In 2009, he published a book about his collection, Cross Currents – Impressions of Bermuda (The David L. White Collection), with proceeds donated to the Bermuda National Gallery (BNG). The collection was featured in a special BNG exhibition, The David L. White Collection, in 2010, and in May 2012, he donated most of the collection — some 62 works — to the Gallery.
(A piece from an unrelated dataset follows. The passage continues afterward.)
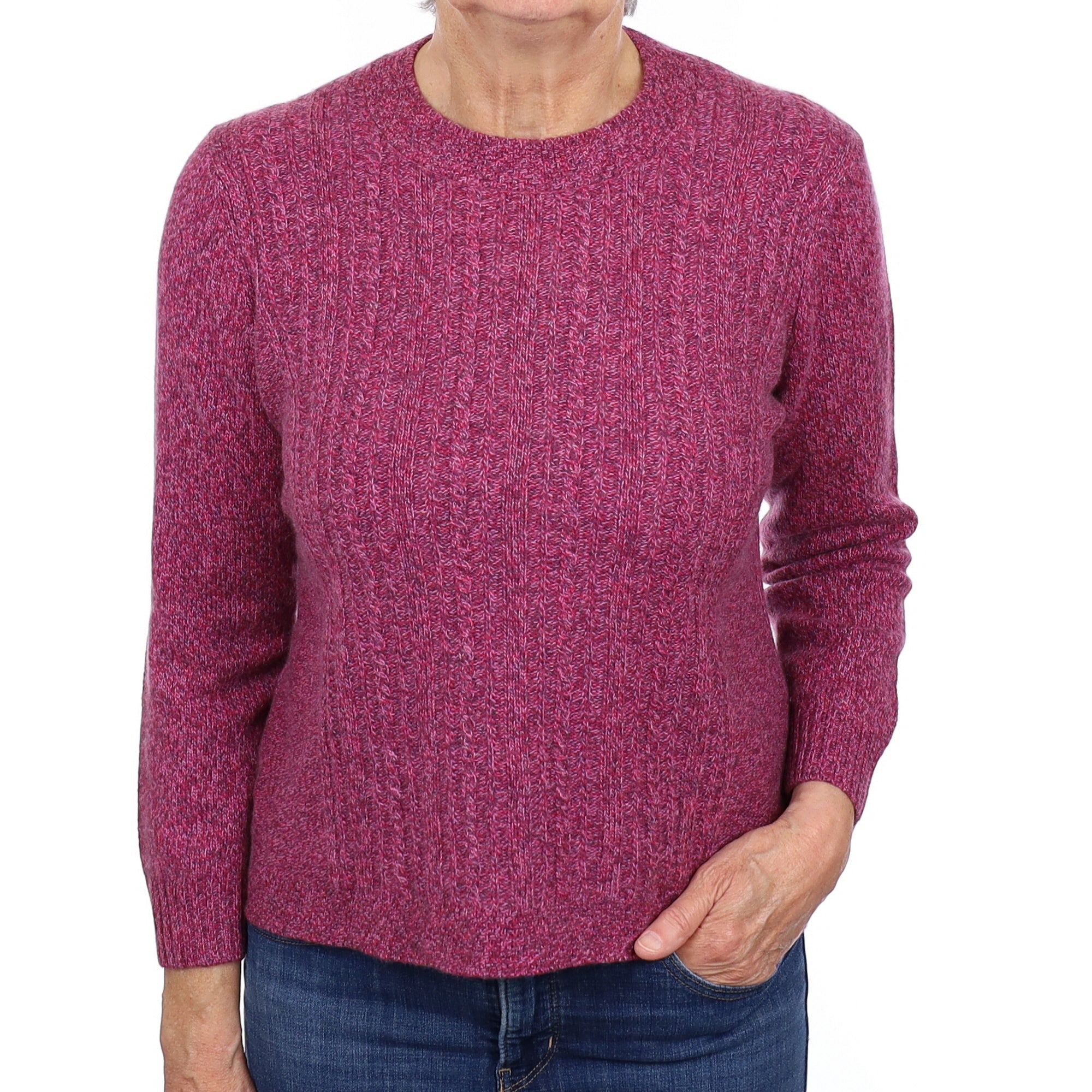 Pink Marl Heavy knit Cashmere Crew Neck Jumper Medium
Mr. White served as chairman of the Board of Trustees on the BNG from 1997 to 2008, overseeing five Biennial Exhibitions and more than 60 exhibitions that contributed significantly to Bermuda’s cultural diversity. He was particularly proud of Light Air and Colour, an exhibition of American Impressionist Paintings; Made in Bermuda; A Window on the Azores; and Living with Art, an exhibition of African-American Art.
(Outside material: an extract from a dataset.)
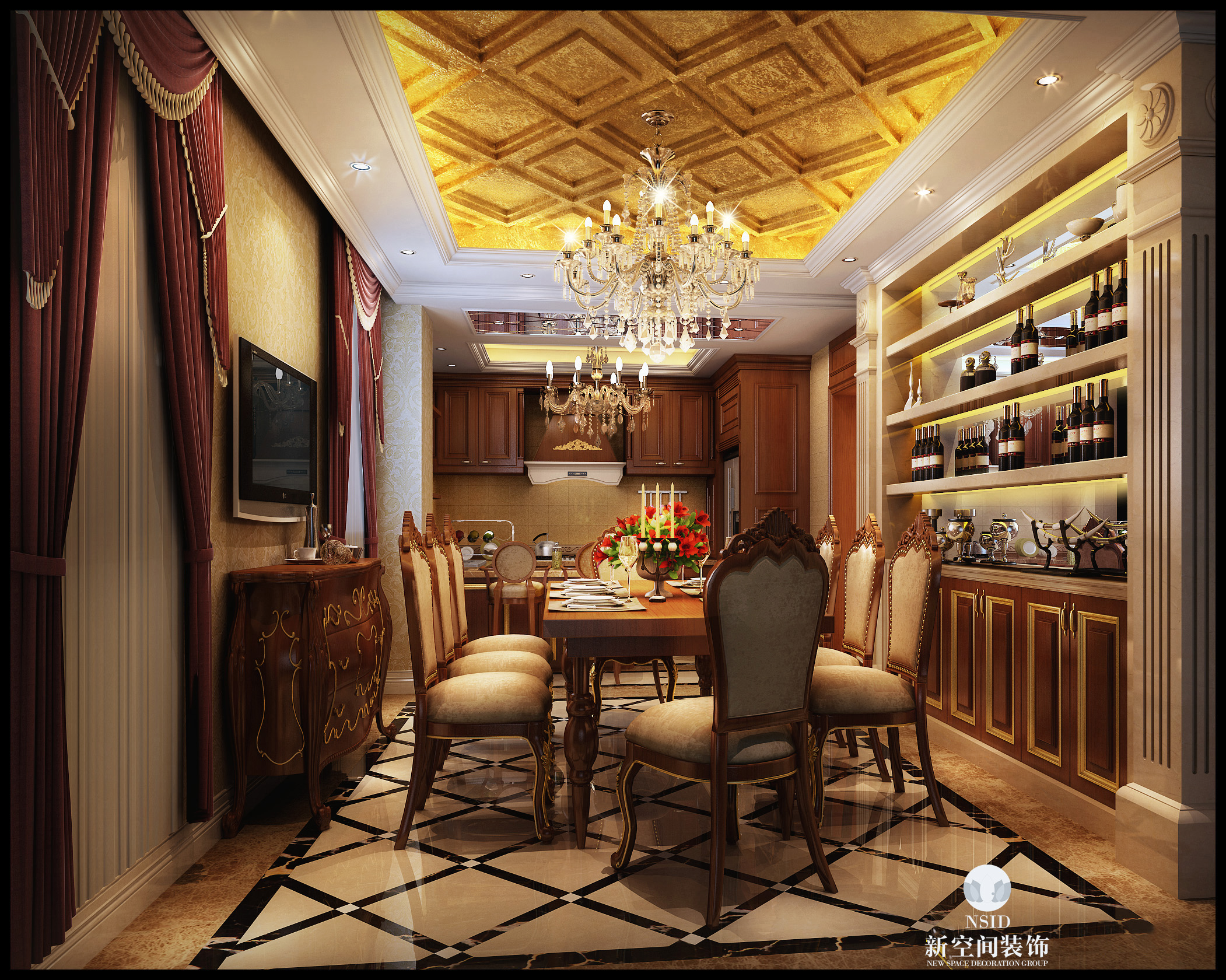 欧式 别墅 古典欧式 餐厅图片来自四川新空间装饰在领秀古典宫廷欧式高清图的分享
As chairman of the BNG’s Collections Committee, he helped build the BNG’s Permanent Collection and was instrumental in stewarding major gifts to the BNG, including the John Hinson Young II and Nelga Young Collection in 2006.

When the Gallery was first opened in 1992, Mr. White donated several pieces, including an etching by American artist James Whistler and two original 1919 poster designs for the Folies Bergère by the Russian art deco artist Erté. On his retirement, he presented the museum with an oil painting from his own collection by Mary Parker West of Hamilton Harbour (1876), one of the earliest known Bermudian landscapes.

Outside of the arts, Mr. White was vice-president and then president (1993-1996) of the Bermuda National Trust. He spearheaded a successful $6 million fund-raising campaign to help restore Trust properties in St. George’s and later served on the Trust’s National Advisory Board. He authored the Paget edition of the Trust’s acclaimed Architectural Heritage series of books, and edited the editions covering Smith’s Parish, Hamilton Parish, Sandys and St. George’s. He also served on the Criminal Injuries Compensation Board for 17 years and was a founding appointee to the National Alcohol and Drug Agency.

He also served as president of the Bermuda TB, Cancer and Health Association.

Twice married and divorced to Americans, Mr. White married Eva LaSalle in 1957 and Sarah Dey in 1972.

Mr. White was made a member of the Order of the British Empire (OBE) in 1994 for service to journalism and the community, and received the Patron’s Award from the Bermuda Arts Council in 2010 for his contribution to the Bermuda National Gallery.

He is survived by former wife Sarah White and daughter Leslie.